----- DATA PROVIDED

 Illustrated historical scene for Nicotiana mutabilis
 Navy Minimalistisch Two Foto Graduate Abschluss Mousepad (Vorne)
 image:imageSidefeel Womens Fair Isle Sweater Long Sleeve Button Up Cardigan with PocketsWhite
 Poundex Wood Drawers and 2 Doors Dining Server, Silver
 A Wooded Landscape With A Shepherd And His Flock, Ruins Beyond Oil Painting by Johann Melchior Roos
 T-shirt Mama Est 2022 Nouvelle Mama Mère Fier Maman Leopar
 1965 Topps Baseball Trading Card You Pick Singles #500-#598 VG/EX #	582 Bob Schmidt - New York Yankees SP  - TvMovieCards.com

----------
----- DATA PROVIDED

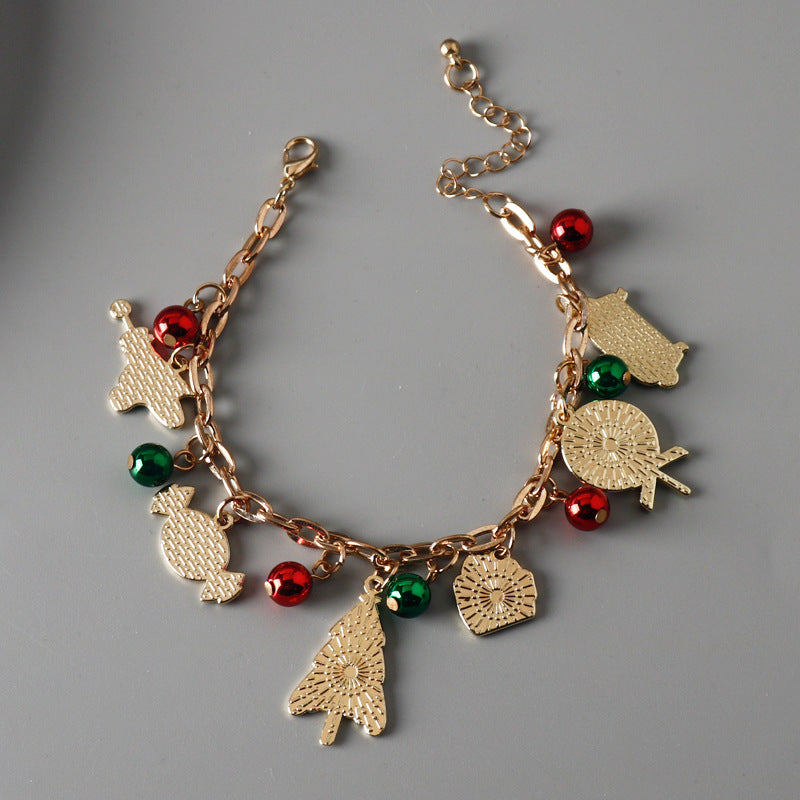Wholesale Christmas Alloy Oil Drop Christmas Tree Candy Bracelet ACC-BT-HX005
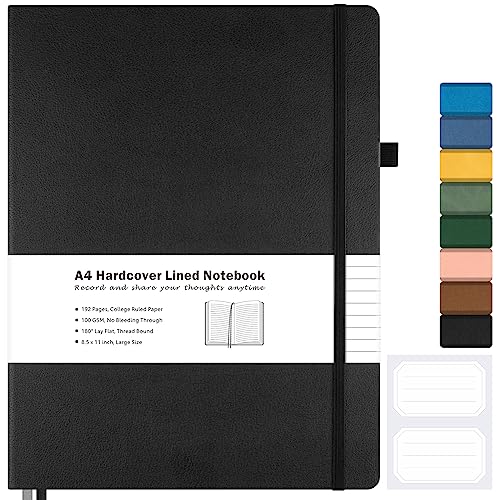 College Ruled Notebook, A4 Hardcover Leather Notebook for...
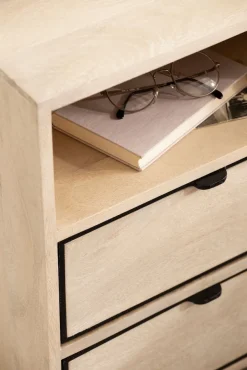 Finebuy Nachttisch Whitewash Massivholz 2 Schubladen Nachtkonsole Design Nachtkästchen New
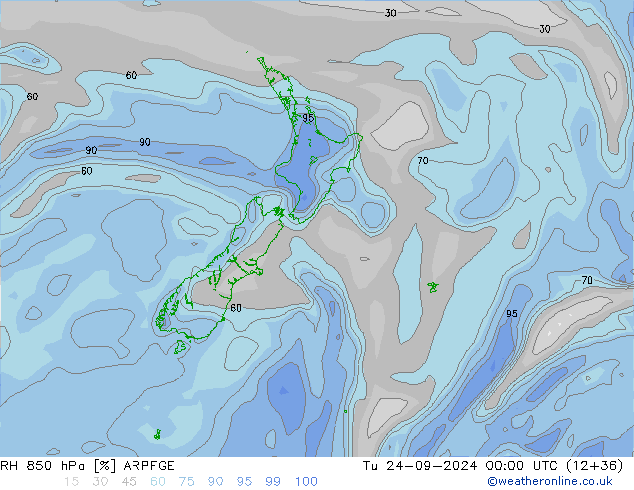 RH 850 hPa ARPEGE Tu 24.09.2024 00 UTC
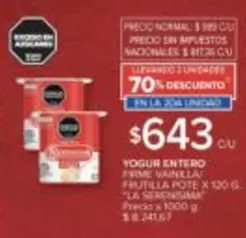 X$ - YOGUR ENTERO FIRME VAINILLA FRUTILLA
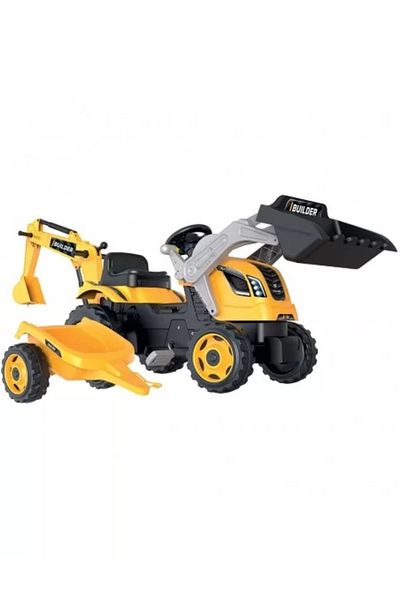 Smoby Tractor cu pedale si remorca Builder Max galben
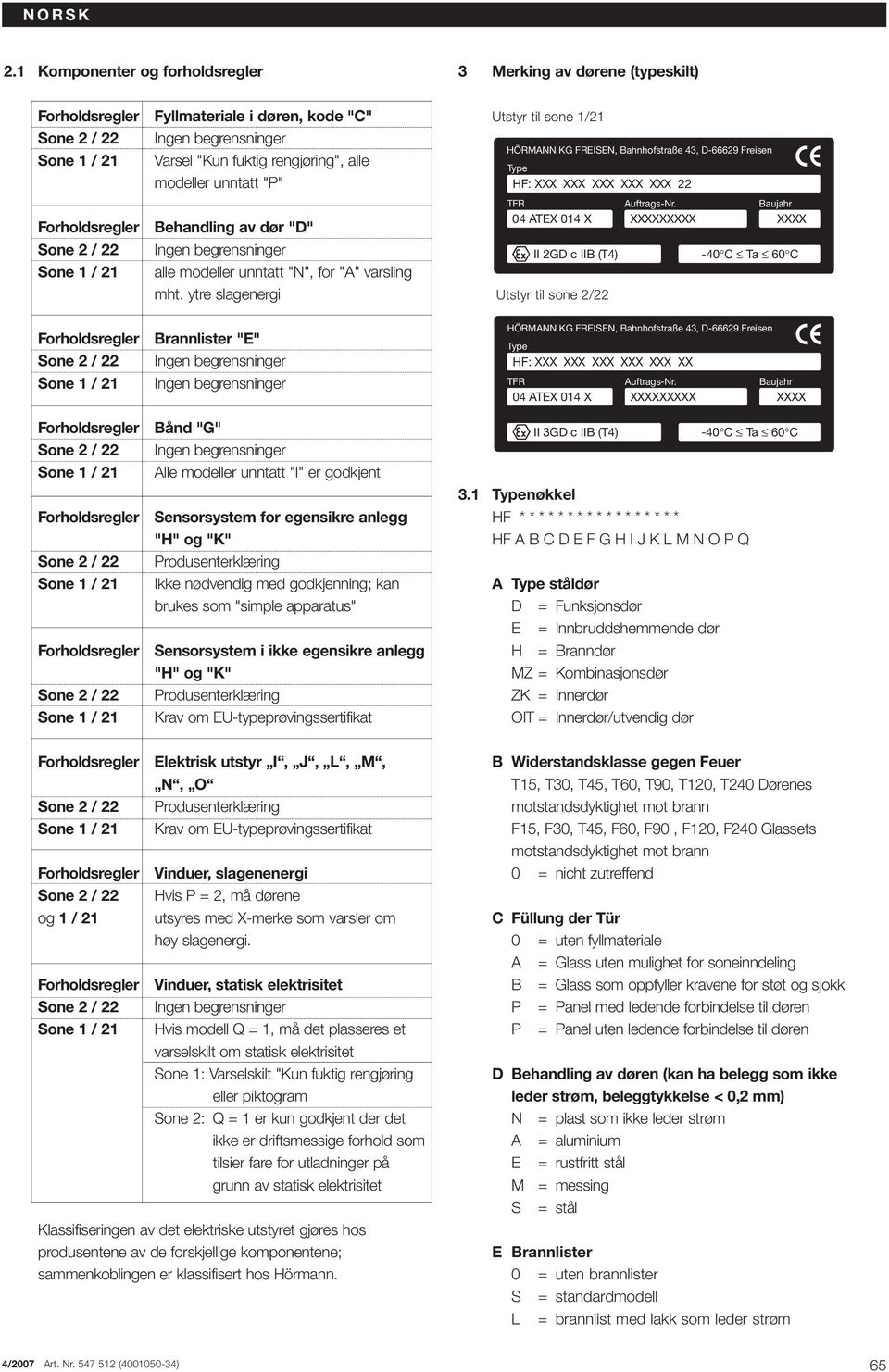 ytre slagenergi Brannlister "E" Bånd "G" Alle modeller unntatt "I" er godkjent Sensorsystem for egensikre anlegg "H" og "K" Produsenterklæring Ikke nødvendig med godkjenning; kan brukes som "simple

----------

## [WORK ITEM]
Reproduce the lines above, beginning at the line with "Illustrated historical scene" and stopping after the line with "1965 Topps Baseball", exactly as they are.

## [RESULT BELOW]
 Illustrated historical scene for Nicotiana mutabilis
 Navy Minimalistisch Two Foto Graduate Abschluss Mousepad (Vorne)
 image:imageSidefeel Womens Fair Isle Sweater Long Sleeve Button Up Cardigan with PocketsWhite
 Poundex Wood Drawers and 2 Doors Dining Server, Silver
 A Wooded Landscape With A Shepherd And His Flock, Ruins Beyond Oil Painting by Johann Melchior Roos
 T-shirt Mama Est 2022 Nouvelle Mama Mère Fier Maman Leopar
 1965 Topps Baseball Trading Card You Pick Singles #500-#598 VG/EX #	582 Bob Schmidt - New York Yankees SP  - TvMovieCards.com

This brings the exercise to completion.